# Poison Ivy/Oak remedy???



## Sawdust7 (Jun 11, 2007)

OK, here's one for all you Home Remedy types. Gotta be somebody here who is up on poison ivy/oak. A guy I know was over Saturday. He used to work here in the 50s and 60s when this place was a dairy farm (Humble, Texas). We got to talking about poison ivy and oak. I am very alergic to it and he said he used to be but isn't anymore. He told me that the property owners brother told him to swallow three of the berries/seeds that grow from the poison ivy/oak in the fall. (I think what we got here though is the poison oak because that is most common in this region.) Anyway, he didn't believe him so the owners brother swallowed three of them himself so this guy did the same. He told me that he has never been affected by the stuff since then. Now, any of ya'll ever heard of such a thing or is this an old country tale? Sure would be hard to scratch my inerds if I was to try this and it turns out to be BS. OK, I'll wait for ya'll to finish laughin'.


----------



## kennertree (Jun 12, 2007)

Don't know if I'd eat the berries or not, but I have seen poison ivy pills. The pills contain just a little bit of the poison to help build a tolerance. I think I saw it in the sherrill catalog.


----------



## ropensaddle (Jun 12, 2007)

I got in trouble as a kid for eating the stuff as I ate all sorts of chit
Iverest is made of the poison plant and was givin out many years ago.
I would be careful ingesting if you are allergic as some people get it from 
burning leaves. I did chew it as a kid and I don't get it but what worked 
me might kill you so I think I would ask your doctor what he thinks.
Now if you get it go a head and scratch and then take
a long hot as you can stand shower and it helps my wife the hot
water stops the itch at first its worse but a second later the 
heat stops the itch dead in tracks for about four hours.


----------



## Ed*L (Jun 12, 2007)

I use this: http://www.taropharmadermatology.com/article.asp?siteID=237&catId=937&pgId=25223&sub1=3

A couple of days and the PI is gone. 

Ed


----------



## Zac (Jun 12, 2007)

When I was a kid a got poison ivy a couple times and it covered my whole body, and my face would swell up. Then when I first started in the tree business I would have poison ivy all the time. Didn't matter what the season was, as soon as it would clear up, two weeks later I would have it again. I never had it very bad though. Now, I havn't had it in 2 years, I think I built up an immunity to it. If that is the case then I think the berry-eating theory might just work.


----------



## ATH (Jun 12, 2007)

Like kennertree mentioned, there are homeopathic pills. I have also seen a homeopathic liquid. I asked a pharmacist/pharmacy professor his thoughts about these products. He said they are unlikely to clear up an infection. However he could see, in theory, how they would prevent/reduce future outbreaks.

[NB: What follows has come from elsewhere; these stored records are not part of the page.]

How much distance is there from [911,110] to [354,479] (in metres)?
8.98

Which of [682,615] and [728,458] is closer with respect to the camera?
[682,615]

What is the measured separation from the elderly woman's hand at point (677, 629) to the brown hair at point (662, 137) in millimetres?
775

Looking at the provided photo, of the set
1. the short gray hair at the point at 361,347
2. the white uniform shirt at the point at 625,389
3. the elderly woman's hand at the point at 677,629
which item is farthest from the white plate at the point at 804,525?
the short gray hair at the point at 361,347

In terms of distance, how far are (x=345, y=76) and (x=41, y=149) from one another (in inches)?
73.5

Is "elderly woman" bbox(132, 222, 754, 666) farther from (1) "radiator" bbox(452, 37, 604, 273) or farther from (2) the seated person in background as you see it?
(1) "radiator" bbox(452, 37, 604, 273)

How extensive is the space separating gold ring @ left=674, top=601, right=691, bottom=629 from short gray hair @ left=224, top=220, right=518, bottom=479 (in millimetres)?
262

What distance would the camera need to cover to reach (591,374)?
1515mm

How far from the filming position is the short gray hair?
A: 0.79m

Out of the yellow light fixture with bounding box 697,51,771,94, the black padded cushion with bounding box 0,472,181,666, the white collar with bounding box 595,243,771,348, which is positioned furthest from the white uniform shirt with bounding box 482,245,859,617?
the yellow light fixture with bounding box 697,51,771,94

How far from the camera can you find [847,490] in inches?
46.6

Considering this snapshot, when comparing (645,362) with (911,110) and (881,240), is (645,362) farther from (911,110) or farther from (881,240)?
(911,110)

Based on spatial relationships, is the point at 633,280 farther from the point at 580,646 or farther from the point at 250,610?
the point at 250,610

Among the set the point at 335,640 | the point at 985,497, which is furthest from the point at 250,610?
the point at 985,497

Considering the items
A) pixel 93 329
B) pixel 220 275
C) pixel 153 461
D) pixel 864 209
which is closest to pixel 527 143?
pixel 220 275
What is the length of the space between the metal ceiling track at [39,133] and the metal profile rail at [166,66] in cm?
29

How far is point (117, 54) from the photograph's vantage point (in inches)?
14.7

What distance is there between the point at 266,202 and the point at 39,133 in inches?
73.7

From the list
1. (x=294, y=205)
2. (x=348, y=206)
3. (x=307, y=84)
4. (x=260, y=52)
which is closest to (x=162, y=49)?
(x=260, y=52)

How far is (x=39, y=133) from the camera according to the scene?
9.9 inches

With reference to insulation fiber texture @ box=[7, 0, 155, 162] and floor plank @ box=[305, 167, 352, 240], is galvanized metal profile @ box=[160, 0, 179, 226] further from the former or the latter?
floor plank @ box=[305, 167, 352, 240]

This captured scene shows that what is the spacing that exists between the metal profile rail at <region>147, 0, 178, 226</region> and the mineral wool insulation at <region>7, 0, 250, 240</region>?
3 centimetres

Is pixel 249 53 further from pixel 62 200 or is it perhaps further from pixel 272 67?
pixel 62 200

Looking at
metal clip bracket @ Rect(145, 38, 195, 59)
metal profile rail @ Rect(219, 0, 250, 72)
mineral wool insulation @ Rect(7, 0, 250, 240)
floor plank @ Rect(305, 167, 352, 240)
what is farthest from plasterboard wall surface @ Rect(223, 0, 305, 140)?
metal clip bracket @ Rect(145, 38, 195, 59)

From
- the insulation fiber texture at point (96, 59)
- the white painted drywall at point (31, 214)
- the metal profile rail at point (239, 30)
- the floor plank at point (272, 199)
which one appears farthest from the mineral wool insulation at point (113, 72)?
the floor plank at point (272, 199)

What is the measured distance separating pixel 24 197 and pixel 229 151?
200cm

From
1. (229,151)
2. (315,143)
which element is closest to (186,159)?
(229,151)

I have heard the old wive's tale that if you eat a couple of leaves when they are still tiny first thing in the spring that it would prevent infection...

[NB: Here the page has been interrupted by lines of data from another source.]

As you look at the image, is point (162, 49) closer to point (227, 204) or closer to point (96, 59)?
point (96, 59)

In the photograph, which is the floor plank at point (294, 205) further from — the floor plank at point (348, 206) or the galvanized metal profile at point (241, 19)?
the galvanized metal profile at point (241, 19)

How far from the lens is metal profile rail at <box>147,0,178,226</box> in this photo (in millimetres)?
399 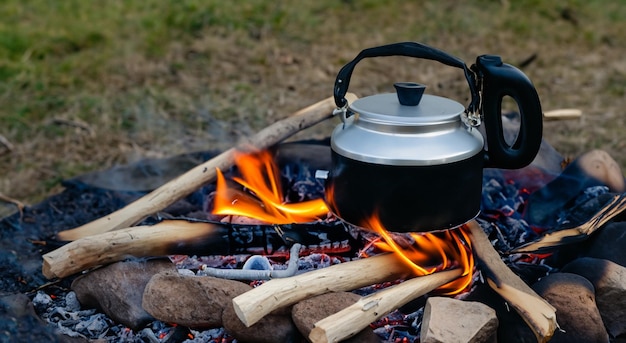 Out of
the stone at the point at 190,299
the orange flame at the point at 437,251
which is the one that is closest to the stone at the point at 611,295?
the orange flame at the point at 437,251

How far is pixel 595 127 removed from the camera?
4.99 metres

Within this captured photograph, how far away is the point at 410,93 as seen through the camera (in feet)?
6.99

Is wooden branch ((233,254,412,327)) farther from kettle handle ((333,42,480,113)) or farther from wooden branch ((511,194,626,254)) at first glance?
kettle handle ((333,42,480,113))

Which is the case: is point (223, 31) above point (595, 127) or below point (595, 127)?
above

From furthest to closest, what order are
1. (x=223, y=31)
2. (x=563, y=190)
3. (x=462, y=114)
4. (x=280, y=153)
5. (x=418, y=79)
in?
1. (x=223, y=31)
2. (x=418, y=79)
3. (x=280, y=153)
4. (x=563, y=190)
5. (x=462, y=114)

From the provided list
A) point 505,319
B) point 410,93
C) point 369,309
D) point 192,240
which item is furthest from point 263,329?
point 410,93

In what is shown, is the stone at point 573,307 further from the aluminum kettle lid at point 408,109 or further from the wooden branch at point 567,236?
the aluminum kettle lid at point 408,109

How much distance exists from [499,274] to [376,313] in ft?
1.53

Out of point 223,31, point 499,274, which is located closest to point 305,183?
point 499,274

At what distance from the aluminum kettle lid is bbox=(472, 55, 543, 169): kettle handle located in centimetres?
11

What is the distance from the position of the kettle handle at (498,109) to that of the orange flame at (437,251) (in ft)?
Result: 1.03

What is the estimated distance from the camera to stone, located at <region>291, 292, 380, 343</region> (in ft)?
6.49

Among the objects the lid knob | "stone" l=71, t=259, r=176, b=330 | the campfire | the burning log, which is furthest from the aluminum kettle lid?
"stone" l=71, t=259, r=176, b=330

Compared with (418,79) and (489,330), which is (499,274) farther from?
(418,79) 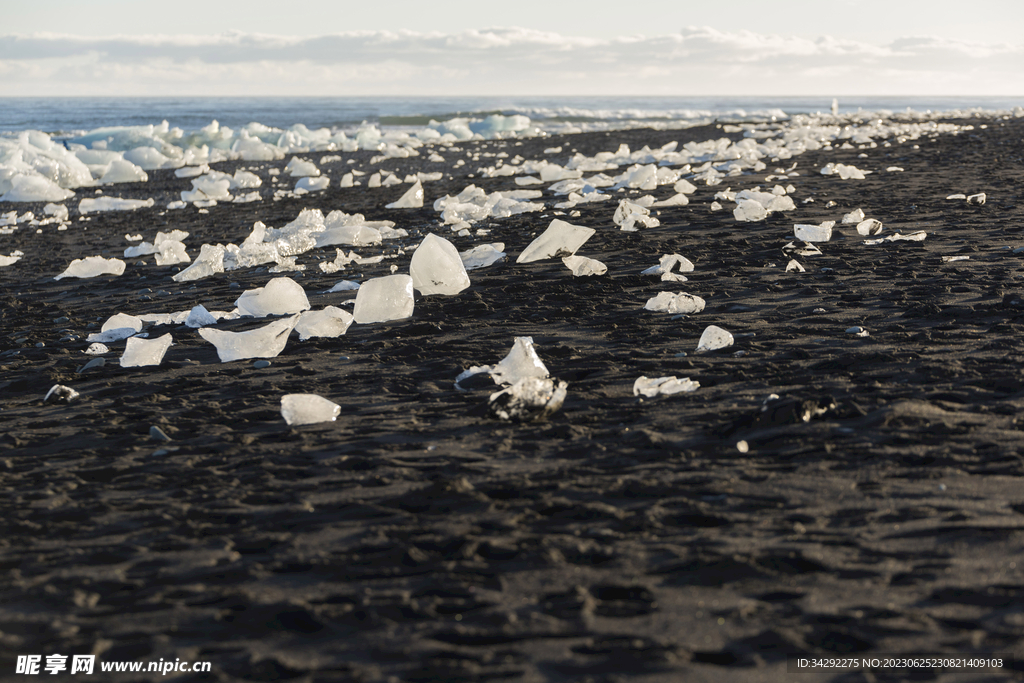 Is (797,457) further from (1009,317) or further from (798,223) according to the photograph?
(798,223)

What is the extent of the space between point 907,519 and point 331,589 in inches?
60.0

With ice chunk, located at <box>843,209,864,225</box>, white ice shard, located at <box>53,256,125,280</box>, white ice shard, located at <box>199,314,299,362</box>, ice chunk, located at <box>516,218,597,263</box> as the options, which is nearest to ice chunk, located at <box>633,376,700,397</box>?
white ice shard, located at <box>199,314,299,362</box>

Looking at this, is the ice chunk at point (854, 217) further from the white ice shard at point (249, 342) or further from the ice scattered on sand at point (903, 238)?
the white ice shard at point (249, 342)

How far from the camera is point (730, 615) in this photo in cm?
169

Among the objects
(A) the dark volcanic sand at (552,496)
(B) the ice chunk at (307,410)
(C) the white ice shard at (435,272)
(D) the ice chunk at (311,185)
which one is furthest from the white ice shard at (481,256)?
(D) the ice chunk at (311,185)

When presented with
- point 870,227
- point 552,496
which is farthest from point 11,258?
point 870,227

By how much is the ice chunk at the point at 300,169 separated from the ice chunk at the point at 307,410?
35.6ft

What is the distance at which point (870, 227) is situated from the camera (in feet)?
18.7

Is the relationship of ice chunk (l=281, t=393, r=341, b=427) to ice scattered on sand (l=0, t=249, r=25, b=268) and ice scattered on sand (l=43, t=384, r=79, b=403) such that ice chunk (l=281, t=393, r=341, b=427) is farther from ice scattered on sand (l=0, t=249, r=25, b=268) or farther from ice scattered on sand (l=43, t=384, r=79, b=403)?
ice scattered on sand (l=0, t=249, r=25, b=268)

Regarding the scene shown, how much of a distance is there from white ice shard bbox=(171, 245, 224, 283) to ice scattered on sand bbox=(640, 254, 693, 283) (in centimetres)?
322

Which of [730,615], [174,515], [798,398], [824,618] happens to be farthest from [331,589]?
[798,398]

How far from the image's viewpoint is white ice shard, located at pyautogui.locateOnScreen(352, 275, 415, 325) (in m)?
4.25

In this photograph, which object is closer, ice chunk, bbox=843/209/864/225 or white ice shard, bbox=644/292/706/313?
white ice shard, bbox=644/292/706/313

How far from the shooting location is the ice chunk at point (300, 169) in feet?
43.4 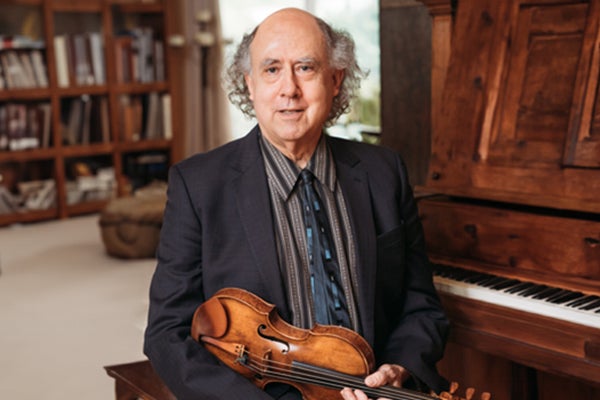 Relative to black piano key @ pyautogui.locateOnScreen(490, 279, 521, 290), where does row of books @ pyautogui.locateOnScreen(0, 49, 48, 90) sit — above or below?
above

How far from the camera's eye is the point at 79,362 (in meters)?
3.42

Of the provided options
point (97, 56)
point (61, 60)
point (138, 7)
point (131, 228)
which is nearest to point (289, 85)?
point (131, 228)

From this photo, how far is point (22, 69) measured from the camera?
606 cm

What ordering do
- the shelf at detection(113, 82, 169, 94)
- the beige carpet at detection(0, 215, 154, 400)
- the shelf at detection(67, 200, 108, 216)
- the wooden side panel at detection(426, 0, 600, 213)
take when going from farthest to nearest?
1. the shelf at detection(113, 82, 169, 94)
2. the shelf at detection(67, 200, 108, 216)
3. the beige carpet at detection(0, 215, 154, 400)
4. the wooden side panel at detection(426, 0, 600, 213)

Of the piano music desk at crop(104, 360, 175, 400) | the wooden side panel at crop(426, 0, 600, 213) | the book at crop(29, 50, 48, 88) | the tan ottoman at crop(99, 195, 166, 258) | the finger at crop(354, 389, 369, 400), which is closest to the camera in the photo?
the finger at crop(354, 389, 369, 400)

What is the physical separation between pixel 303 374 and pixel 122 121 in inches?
213

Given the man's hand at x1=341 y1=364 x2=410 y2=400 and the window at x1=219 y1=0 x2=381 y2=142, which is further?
the window at x1=219 y1=0 x2=381 y2=142

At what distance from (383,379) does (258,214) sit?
1.30 ft

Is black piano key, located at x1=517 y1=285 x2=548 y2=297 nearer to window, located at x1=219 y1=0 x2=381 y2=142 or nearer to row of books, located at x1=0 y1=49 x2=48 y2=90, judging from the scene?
window, located at x1=219 y1=0 x2=381 y2=142

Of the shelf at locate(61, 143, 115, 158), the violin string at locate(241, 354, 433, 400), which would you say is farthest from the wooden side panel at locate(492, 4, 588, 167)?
the shelf at locate(61, 143, 115, 158)

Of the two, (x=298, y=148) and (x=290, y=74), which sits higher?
(x=290, y=74)

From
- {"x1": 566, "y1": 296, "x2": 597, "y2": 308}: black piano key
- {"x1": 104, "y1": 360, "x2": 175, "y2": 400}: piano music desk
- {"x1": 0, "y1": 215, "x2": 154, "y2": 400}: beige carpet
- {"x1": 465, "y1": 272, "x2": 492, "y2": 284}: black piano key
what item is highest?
{"x1": 566, "y1": 296, "x2": 597, "y2": 308}: black piano key

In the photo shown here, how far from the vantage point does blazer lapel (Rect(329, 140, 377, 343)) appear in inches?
64.3

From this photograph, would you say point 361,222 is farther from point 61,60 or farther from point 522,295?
point 61,60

I'm not dumb/crazy/adventerous/despirate enough to try to eat a part of the plant. I did take the pills for a couple of years and the liquid for a couple of summers. I used to get it pretty bad when I was younger, but have not had more than a couple of blisters for several years.

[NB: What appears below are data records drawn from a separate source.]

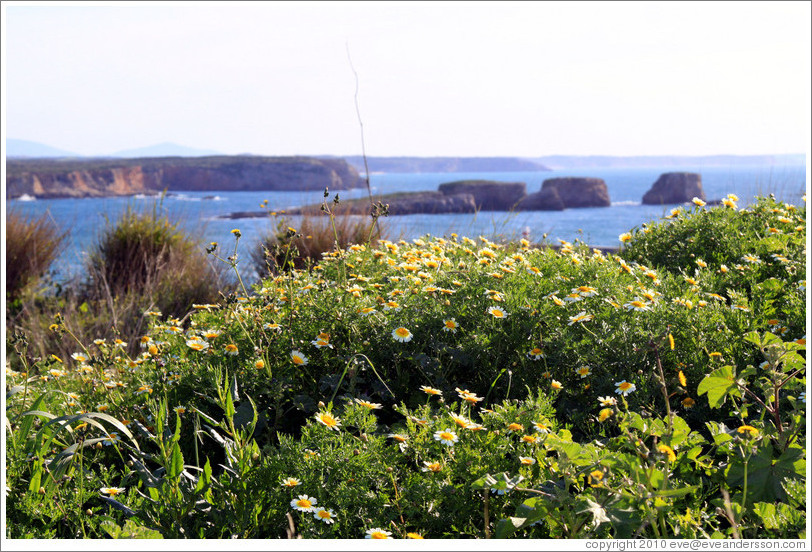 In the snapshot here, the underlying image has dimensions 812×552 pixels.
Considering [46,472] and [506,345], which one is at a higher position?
[506,345]

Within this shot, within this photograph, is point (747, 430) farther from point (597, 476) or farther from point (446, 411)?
point (446, 411)

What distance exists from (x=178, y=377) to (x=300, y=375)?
0.47 metres

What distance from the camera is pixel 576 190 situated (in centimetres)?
5975

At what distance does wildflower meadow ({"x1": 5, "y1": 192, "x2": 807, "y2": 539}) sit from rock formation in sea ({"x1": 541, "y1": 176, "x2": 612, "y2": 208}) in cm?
5663

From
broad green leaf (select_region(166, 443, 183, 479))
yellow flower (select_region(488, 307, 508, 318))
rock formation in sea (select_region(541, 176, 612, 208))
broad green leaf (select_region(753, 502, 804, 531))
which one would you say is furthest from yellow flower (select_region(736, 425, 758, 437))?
rock formation in sea (select_region(541, 176, 612, 208))

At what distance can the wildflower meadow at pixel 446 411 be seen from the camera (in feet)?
5.21

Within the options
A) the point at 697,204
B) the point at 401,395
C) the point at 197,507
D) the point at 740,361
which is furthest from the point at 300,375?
the point at 697,204

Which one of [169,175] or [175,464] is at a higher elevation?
[169,175]

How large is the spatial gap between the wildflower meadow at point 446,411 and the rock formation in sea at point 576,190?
56.6 meters

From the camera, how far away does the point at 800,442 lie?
175cm

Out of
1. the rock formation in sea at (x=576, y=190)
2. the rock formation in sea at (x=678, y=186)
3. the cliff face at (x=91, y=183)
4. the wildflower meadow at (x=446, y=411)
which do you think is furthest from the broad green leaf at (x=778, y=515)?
the cliff face at (x=91, y=183)

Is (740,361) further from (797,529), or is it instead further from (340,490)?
(340,490)

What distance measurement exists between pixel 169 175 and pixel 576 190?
39635 millimetres

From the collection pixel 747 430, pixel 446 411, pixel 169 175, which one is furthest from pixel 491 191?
pixel 747 430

I also need to note that I try hard to wash up as soon as possible after exposure. I am careful about wiping my hands after I tie/untie my boots when I know I have walked through it. I also put clothes straight in the wash when I get home if I have been in it bad.

So...did the homeopathic stuff work? Have I naturally developed some resistance? Have I simply avoided a rash through better sanitation? Combination of the 3???

I am not sure a sample of "1" is enough to say the homeopathic solutions worked...but it is not that expensive, so I'd recommend it.


----------



## Sawdust7 (Jun 12, 2007)

Would that be WT Sherrill Kenner? I went to their site after a search but didn't find anything online. I suppose I should download their cat and look in it for the pills. As far as my doctor, Har-dee har-har . . . HMO Blue/ Kelsey Seybold. In other words, She will say "No, don't eat them berries, I'll prescibe you some pills. . . Now that'll be $20 for the co-pay and come back in a week with another $20. If you get it again, bring another $20". She got on my case for rubbing Clorox on in the shower. I do that after I've been working around the stuff. Clorox kills fungus so I figure, why not? I reckon it works because several times I have got the stuff on me then bathed ASAP with the Clorox and didn't break out. Zac, I just wish I could build an immunity to it but with me it seems to get worse every year. I get it mostly on my arms 2 or 3 times a year from cleaning along my fence lines so maybe like ropensaddle said, what works for some might kill the other. As I understand now, the only bad part to poison ivy and oak is the goop on the leaves which is or causes a fungus (correct me if I'm wrong here please). So maybe the little berries don't pack the same punch. I am going to keep researching on this because if I can find out if it would be safe then it would be like a miracle to be able to be immune to the stuff. I'll also keep looking for the homeopathic pills. I appreciate all the input from ya'll.


----------



## luvthetrobag (Jul 1, 2007)

I have it pretty bad right now. But to answer your first question I dont think its a good idea. I know a guy who ate some back in the 60's and was in the hospital for a month. Almost died. All his major organs were actually covered with the stuff as well as every squre inch of his body. He is immune o this day though. Its probally hard to tell the proper dosage.


----------



## Sawdust7 (Jul 4, 2007)

:jawdrop: Hey luvthetrobag, I think you just helped me decide. I believe I'll leave the berries be. Wishful thinkin' though.


----------



## jrparbor04 (Jul 5, 2007)

have anyone heard of "oral ivy",,,sold by vermeer and it kinda made the reaction alittle better,,,dont think i would ever eat those dang old berries though


----------



## bushinspector (Jul 5, 2007)

What I think is going on here is everyone is eating some "Willy Nelson's mushrooms" and just thinking that it its the posion ivy,/ posion oak berries. 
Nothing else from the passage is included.